Ma manière à moi d’éteindre un peu ma culpabilité au-dela ce cette question du sens, et c’est limite de la dissonance cognitive, je le reconnais… c’est que je respecte parfaitement le confinement, et que ne rien faire, ne faire prendre aucun risque à ma famille, c’est une belle façon de soutenir aussi le personnel soignant. Je me dit que j’essaie de faire le maximum pour que le confinement se passe au mieux pour nous en étant au maximum présente pour les enfants, et que cela fait sens pour moi. Je m’efforce de faire travailler les petits commerces de proximité qui souffrent et ce qui fait carrément sens par rapport à mes convictions personnelles. J’écris, je témoigne, je dessine et j’offre des dessins à colorier en espérant que cela aide chacun à traverser cette période de lire des mots, de dessiner. Tout ça résonne bien plus en moi. Je me dit que tout cela c’est pas rien et que c’est le mieux que je sois capable de faire pour le moment.

Ma place dans le monde d’après

Plus globalement, cette culpabilité de ne pas prendre part aux élans de solidarité autour de moi, me fait aussi poser la question de ma “place” dans la société d’après. Je me prépare à l’idée que peut-être mon entreprise ne pourra pas faire face durablement à la crise, que je me retrouverais au chômage à plus ou moins long terme. Si ce n’est pas le cas, tant mieux. Si c’est le cas, je me serais préparée. Mais si jamais je me retrouve sans emploi, qu’est-ce que j’ai envie d’apporter au monde d’Après ? De quoi la société aura besoin, et qu’ai-je envie de laisser comme empreinte dans ce monde d’après ? Cela rejoint les questionnements que nous avons avec Bruno depuis quelques mois, sur les choix que nous voulons faire à moyen terme pour notre famille. Bref, ça cogite grave.

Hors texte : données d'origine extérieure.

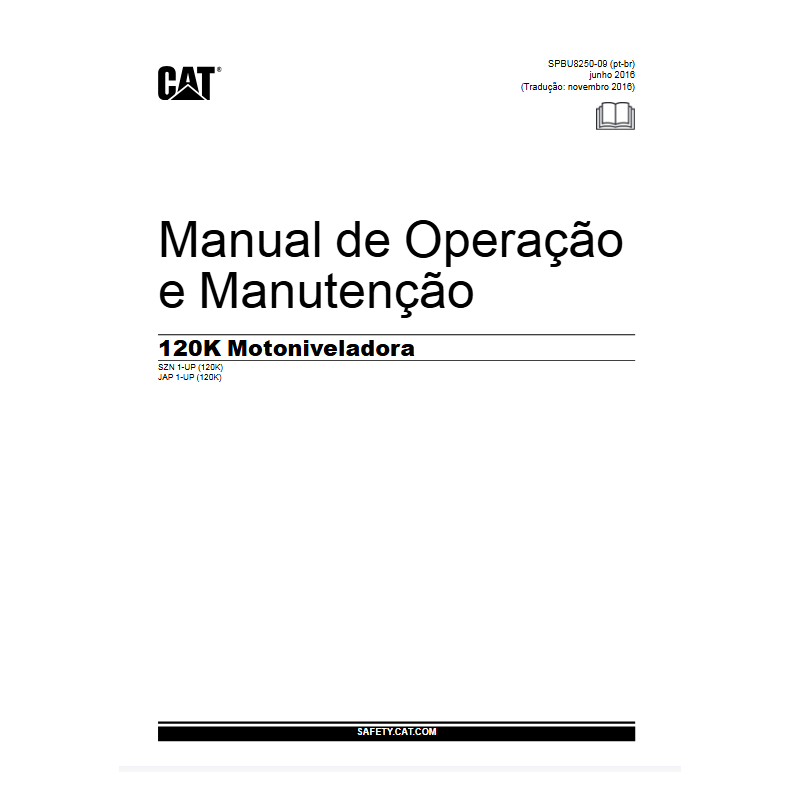 Manual de Operação e Manutenção Motoniveladora Cat 120K (SPBU8250) – PDF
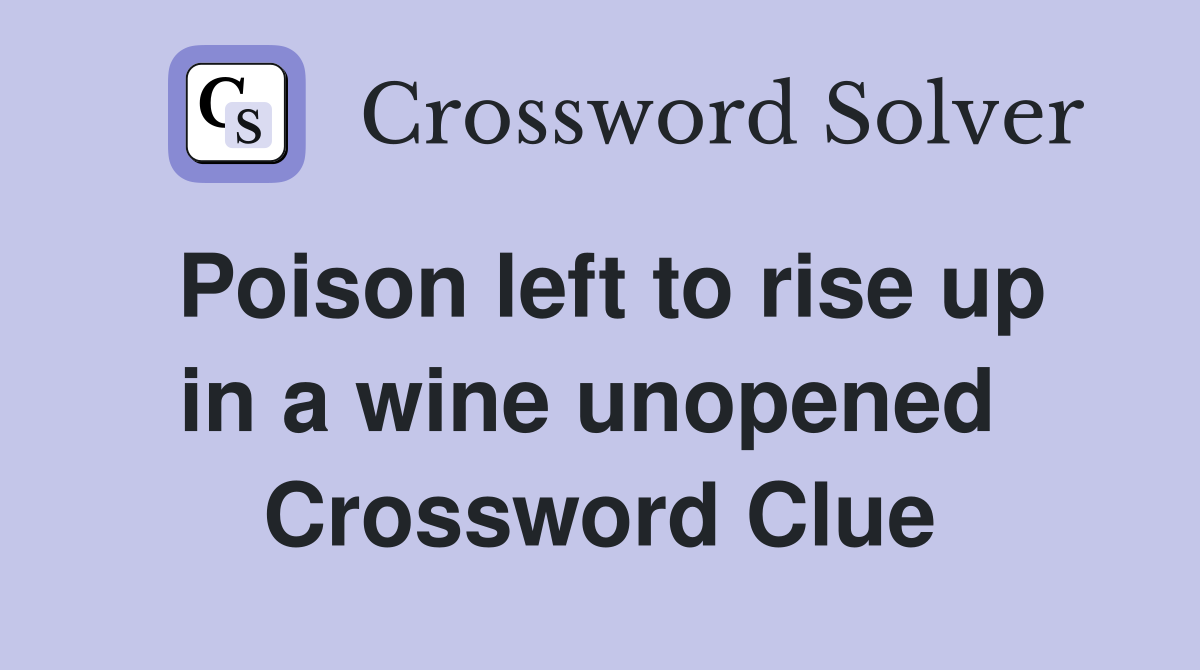Poison left to rise up in a wine unopened  Crossword Clue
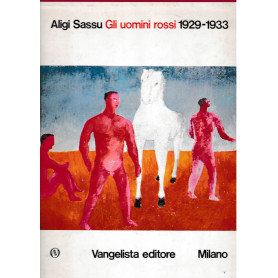 Gli uomini rossi. 1929-1933
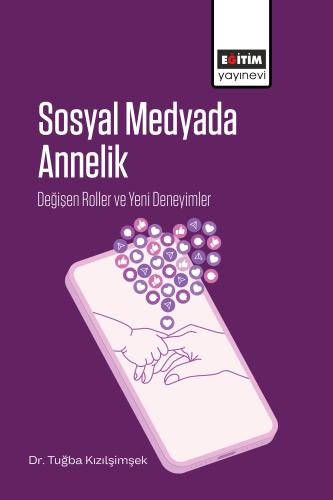 Sosyal Medyada Annelik: Değişen Roller ve Yeni Deneyimler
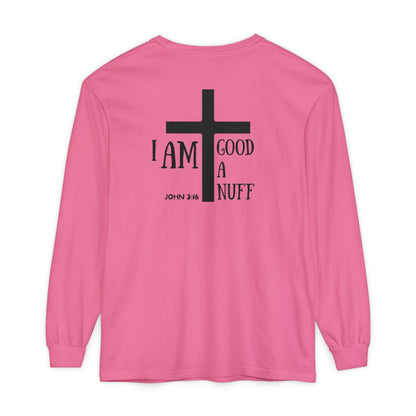 I AM GoodaNuff Unisex Long Sleeve Tee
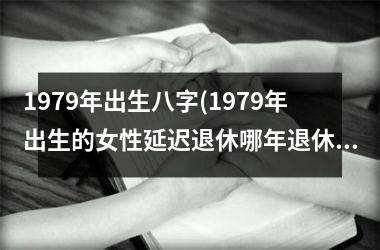 <h3>1979年出生八字(1979年出生的女性延迟退休哪年退休)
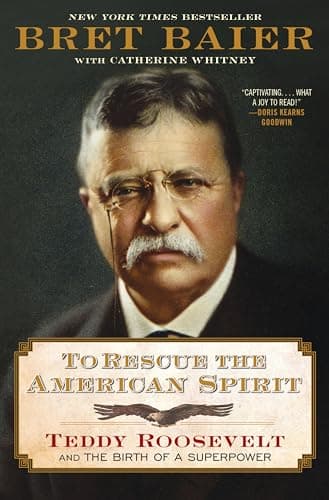 To Rescue the American Spirit: Teddy Roosevelt and the Birth of a Superpower – A New York Times Bestselling Biography of Courage and Bold Presidential Leadership (The Presidential Series, 3)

Pour clôturer cette sixième semaine, je suis tombée sur l’intervention de Serge Hefez dans les médias ce dimanche soir qui répondait à une enfant qui demandait si après le confinement, elle pourrait “sauter” dans les bras de sa grand-mère. Et Serge Hefez de répondre “sans doute que non”, mais que le “toucher” qui nous manque tant en ce moment peut s’exprimer autrement. Car on peut “toucher” les gens autrement qu’avec les mains ; avec des créations, des textes, avec des chansons, des dessins, des petites attentions… Bref, cela a fait tilt chez moi, comme un écho à mon côté introvertie, à la fan d’Amélie Poulain que je suis, et à ma sensibilité vous imaginez bien !

Et devinez quoi ? En ce début de septième semaine de confinement, en découvrant le 10ème jeu d’écriture de l’atelier d’écriture de Coworkgreen, je me suis dit, tiens tiens, les planètes sont alignées ! Le jeu consiste justement à parler du Monde d’Après, de formuler des voeux dans une lettre destinée à des personnes âgées d’EPHAD pour mettre un peu de beauté, de lien dans leur vie, de les “toucher”. La boucle est bouclée. J’adore les synchronicités.